━━ INFORMATION PROVIDED

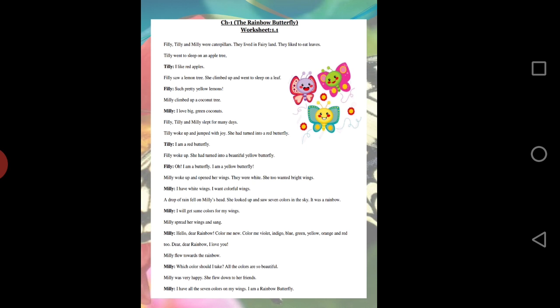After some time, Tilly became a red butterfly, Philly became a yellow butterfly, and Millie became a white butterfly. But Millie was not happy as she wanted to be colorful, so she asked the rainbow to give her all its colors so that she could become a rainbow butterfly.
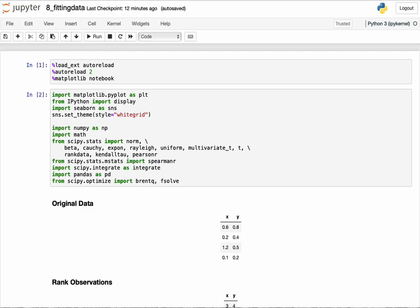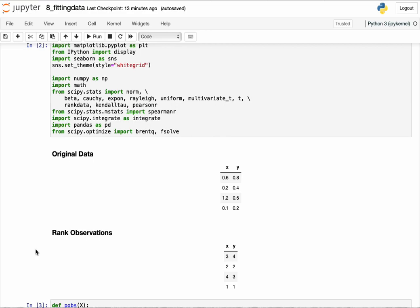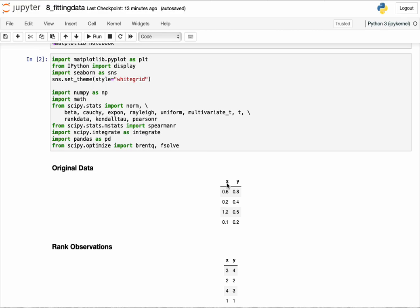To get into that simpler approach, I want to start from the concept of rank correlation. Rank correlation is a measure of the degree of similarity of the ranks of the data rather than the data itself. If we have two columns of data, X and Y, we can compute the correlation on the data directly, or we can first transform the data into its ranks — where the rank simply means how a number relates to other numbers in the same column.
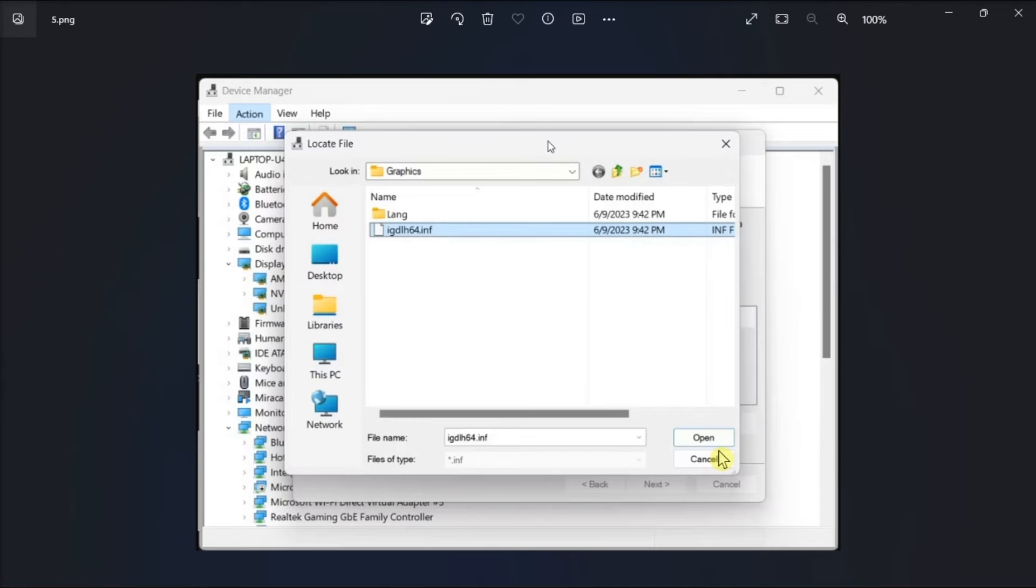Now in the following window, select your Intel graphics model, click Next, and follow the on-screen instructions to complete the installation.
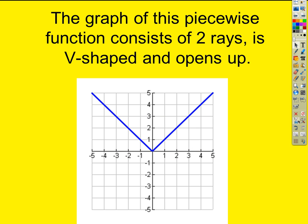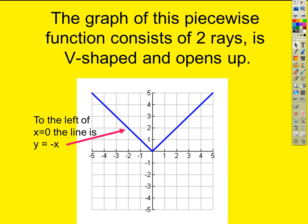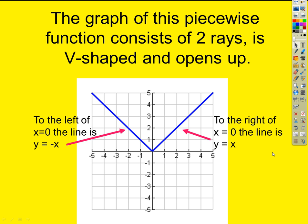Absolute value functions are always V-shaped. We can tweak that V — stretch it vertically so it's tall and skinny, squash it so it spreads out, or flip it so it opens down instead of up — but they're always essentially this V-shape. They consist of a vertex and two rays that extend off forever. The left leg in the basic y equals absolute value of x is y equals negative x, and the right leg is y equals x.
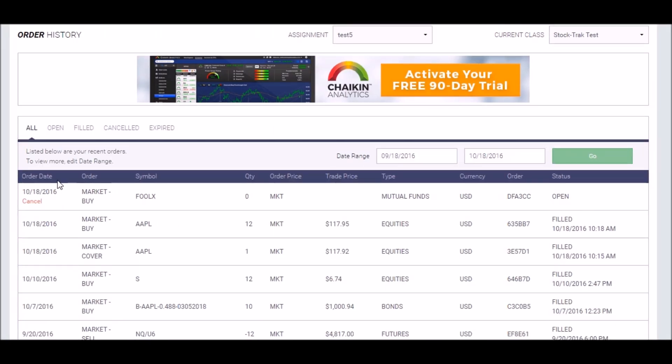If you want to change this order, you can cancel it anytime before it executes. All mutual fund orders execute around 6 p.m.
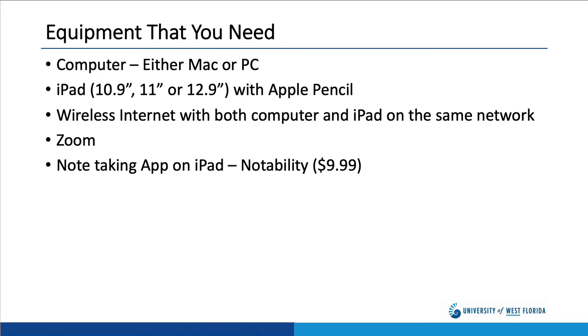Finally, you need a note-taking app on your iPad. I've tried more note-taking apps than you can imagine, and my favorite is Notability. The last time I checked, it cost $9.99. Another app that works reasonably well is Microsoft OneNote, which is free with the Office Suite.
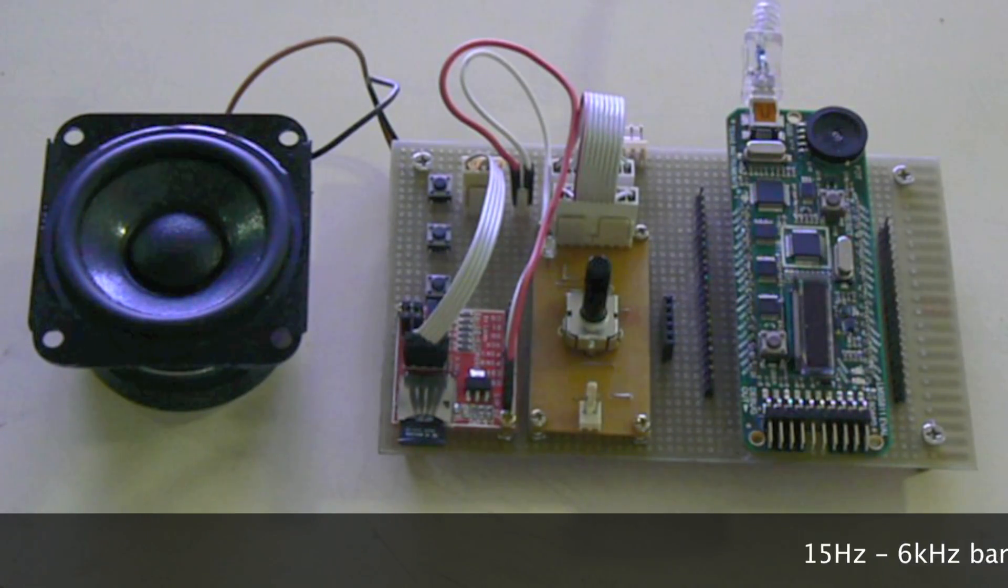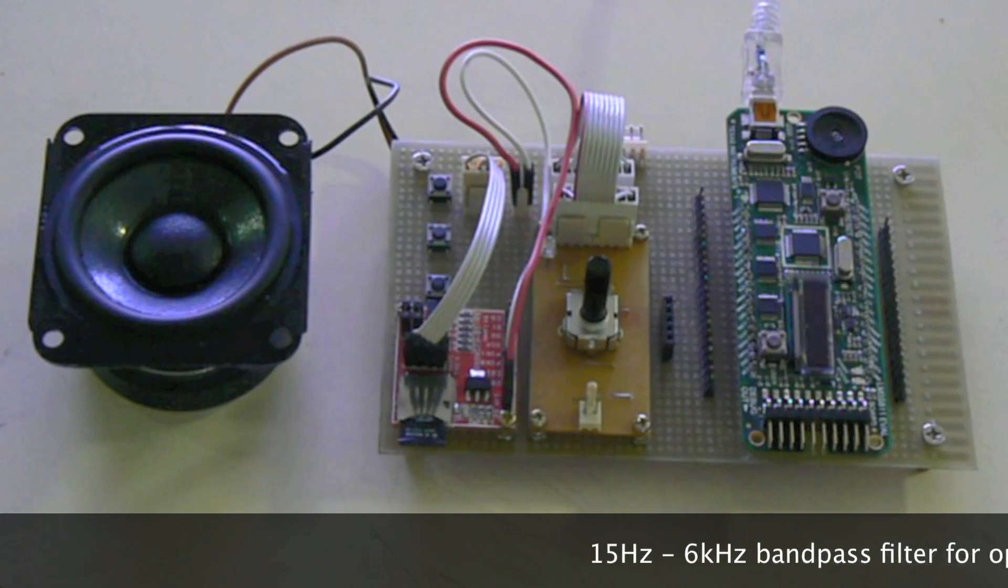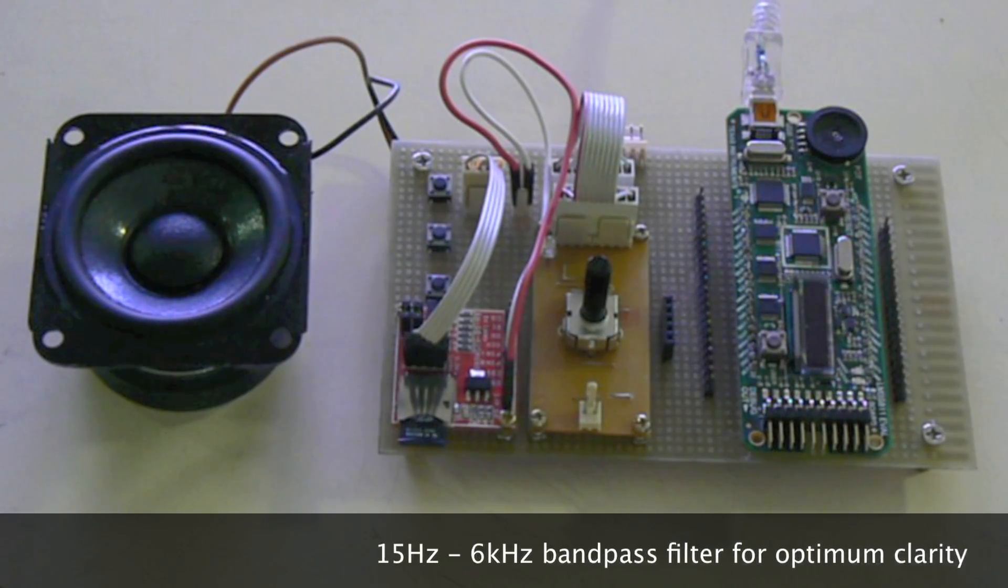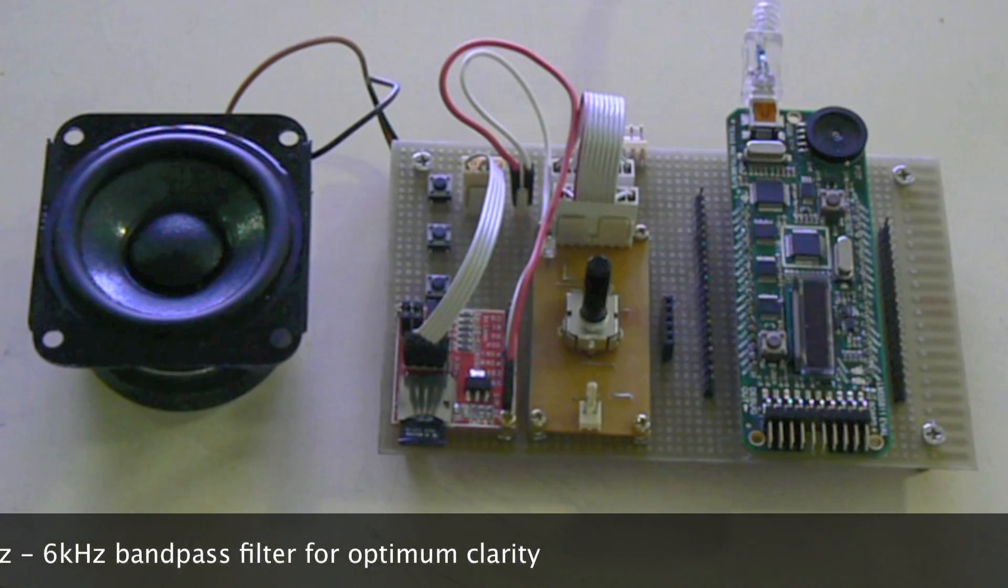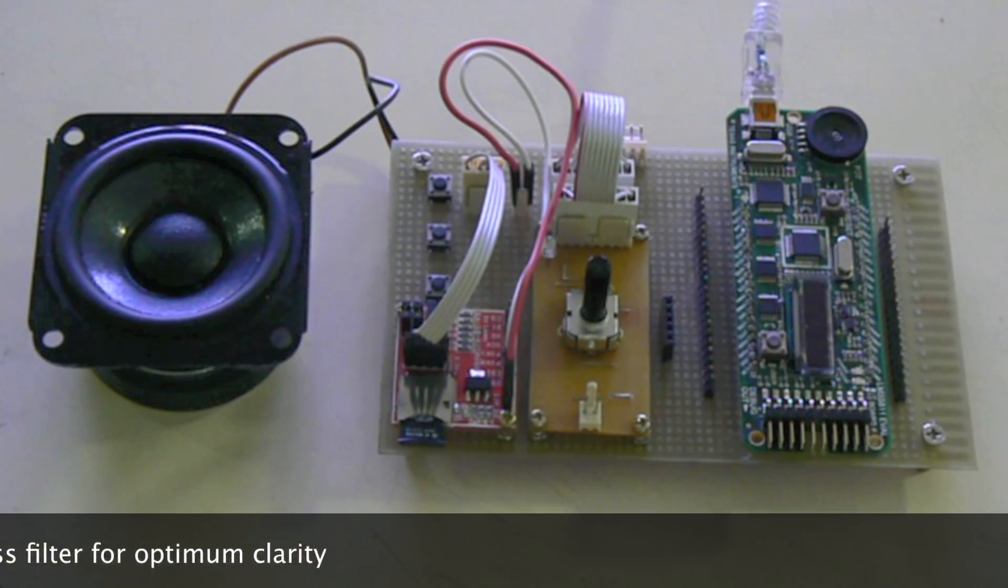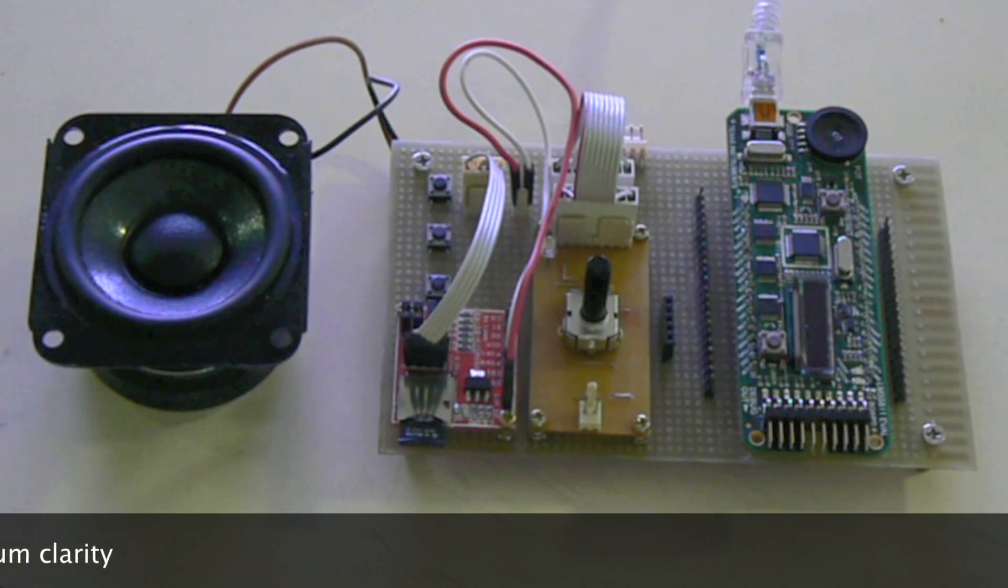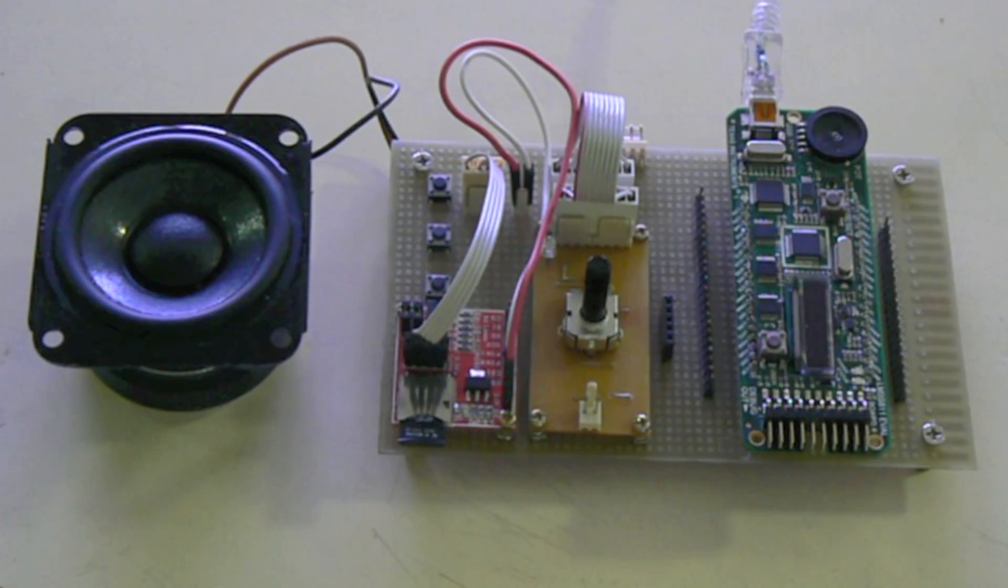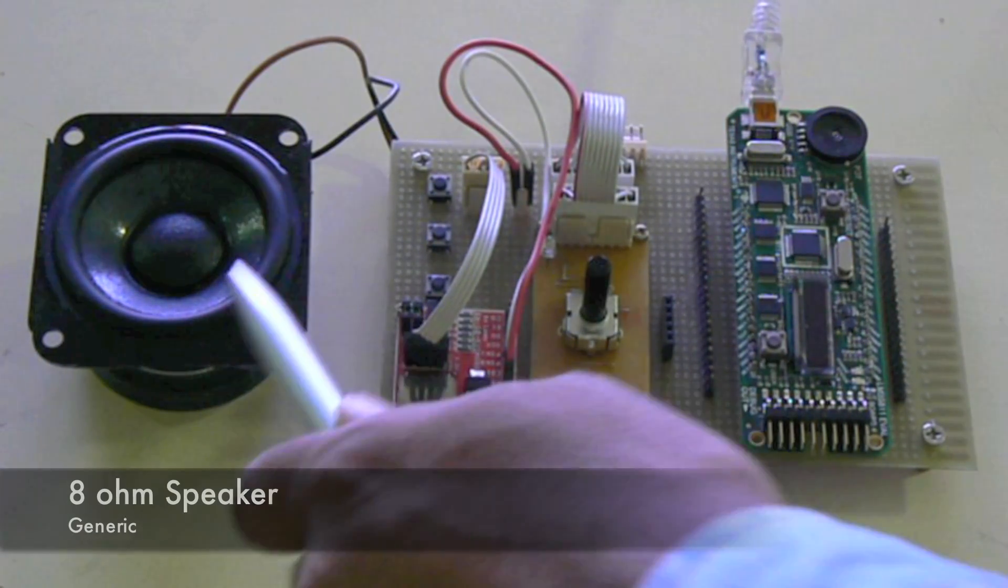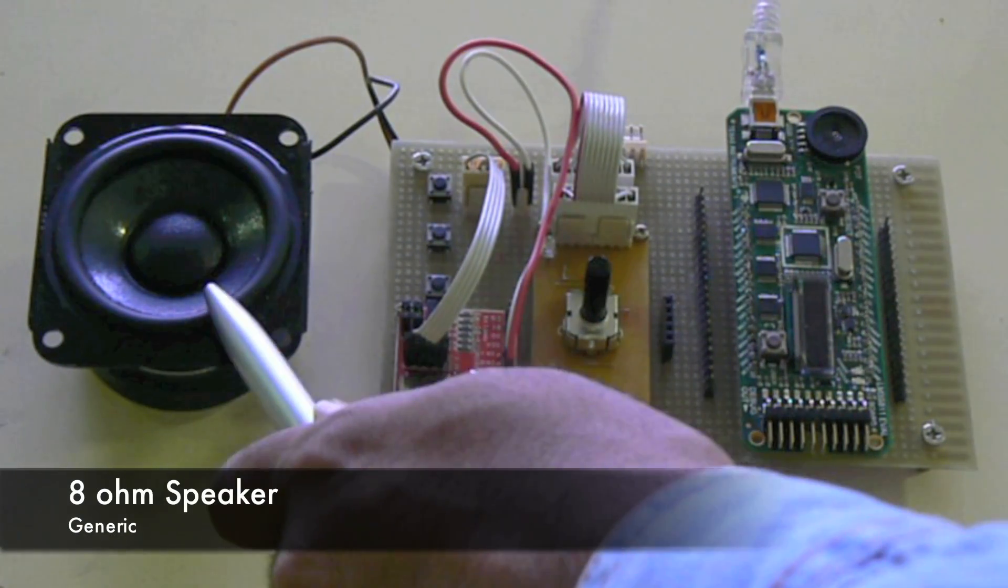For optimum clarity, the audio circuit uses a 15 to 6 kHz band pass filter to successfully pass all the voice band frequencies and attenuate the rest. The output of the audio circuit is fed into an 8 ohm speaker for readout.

━━━━

Within the material above, only the stretch from the line holding "Now in the following" through the line holding "Absolute value functions" is to be restated exactly. Pictures are dropped.

**WORKED SOLUTION:**
Now in the following window, select your Intel graphics model, click Next, and follow the on-screen instructions to complete the installation.
Absolute value functions are always V-shaped. We can tweak that V — stretch it vertically so it's tall and skinny, squash it so it spreads out, or flip it so it opens down instead of up — but they're always essentially this V-shape. They consist of a vertex and two rays that extend off forever. The left leg in the basic y equals absolute value of x is y equals negative x, and the right leg is y equals x.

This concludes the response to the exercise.